[Scraped caption text data]
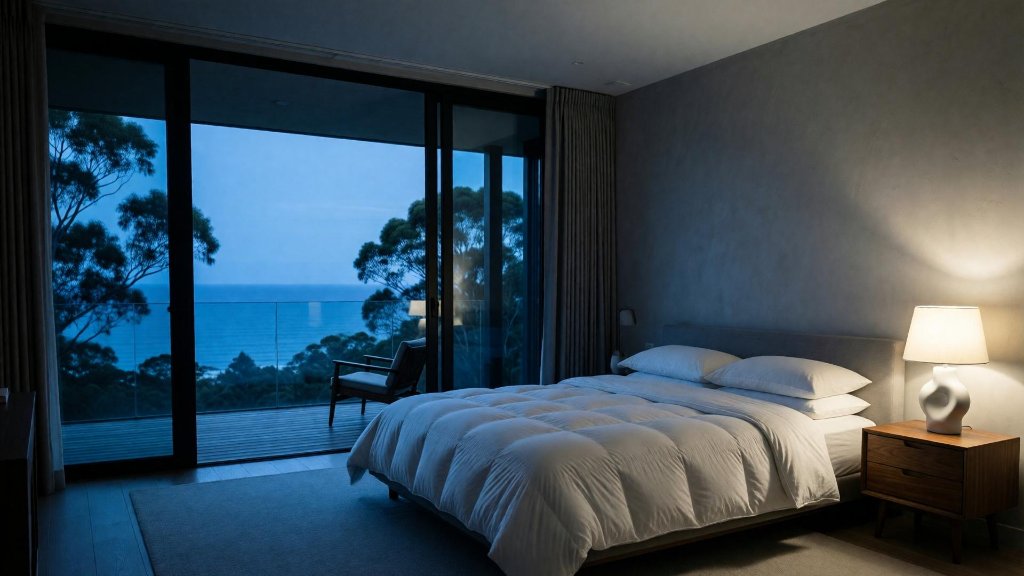 Luxury bedding in a Perth coastal home at dusk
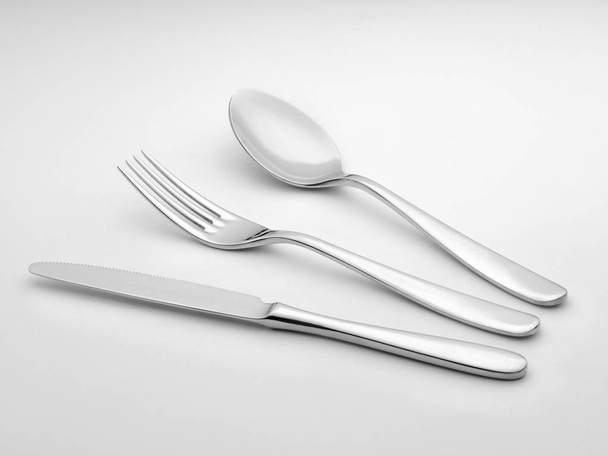 Silver cutlery on white	 - Photo, Image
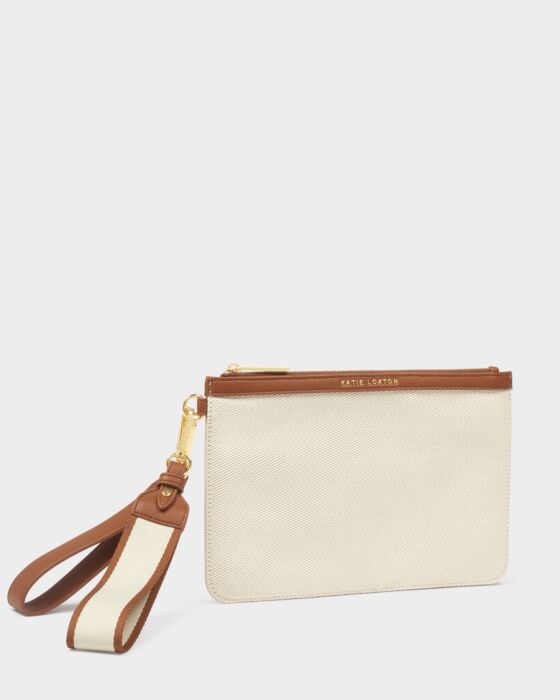 Katie Loxton Hallie Canvas Wristlet Pouch, Cognac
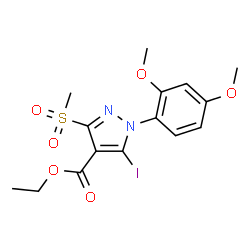 ChemSpider 2D Image | Ethyl 1-(2,4-dimethoxyphenyl)-5-iodo-3-(methylsulfonyl)-1H-pyrazole-4-carboxylate | C15H17IN2O6S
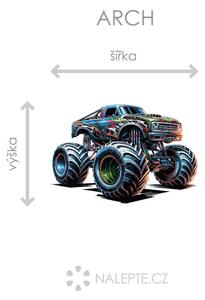 Nalepte.cz Monster truck 03 textilní prelepiteľná nálepka na stenu arch 47 x 31 cm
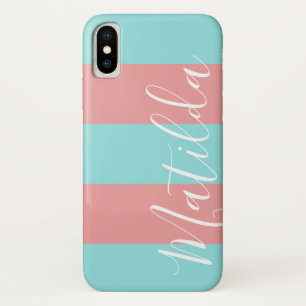 Pink Aqua Stripe Personalised Name iPhone X Case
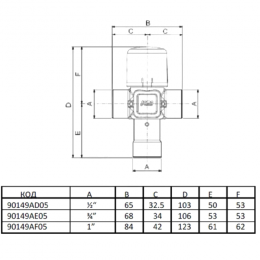 Клапан смесительный термостатический седельный латунь Ду 15 Ру10 1/2" ВР Kvs=1.5м3/ч Tн=30-60C Tmax=85С Icma 90149AD05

▶ [WORK INSTRUCTIONS]: Your reply is the full set of entries reproduced exactly, with images omitted.

▶ [ANSWER BELOW]:
 Luxury bedding in a Perth coastal home at dusk
 Silver cutlery on white	 - Photo, Image
 Katie Loxton Hallie Canvas Wristlet Pouch, Cognac
 ChemSpider 2D Image | Ethyl 1-(2,4-dimethoxyphenyl)-5-iodo-3-(methylsulfonyl)-1H-pyrazole-4-carboxylate | C15H17IN2O6S
 Nalepte.cz Monster truck 03 textilní prelepiteľná nálepka na stenu arch 47 x 31 cm
 Pink Aqua Stripe Personalised Name iPhone X Case
 Клапан смесительный термостатический седельный латунь Ду 15 Ру10 1/2" ВР Kvs=1.5м3/ч Tн=30-60C Tmax=85С Icma 90149AD05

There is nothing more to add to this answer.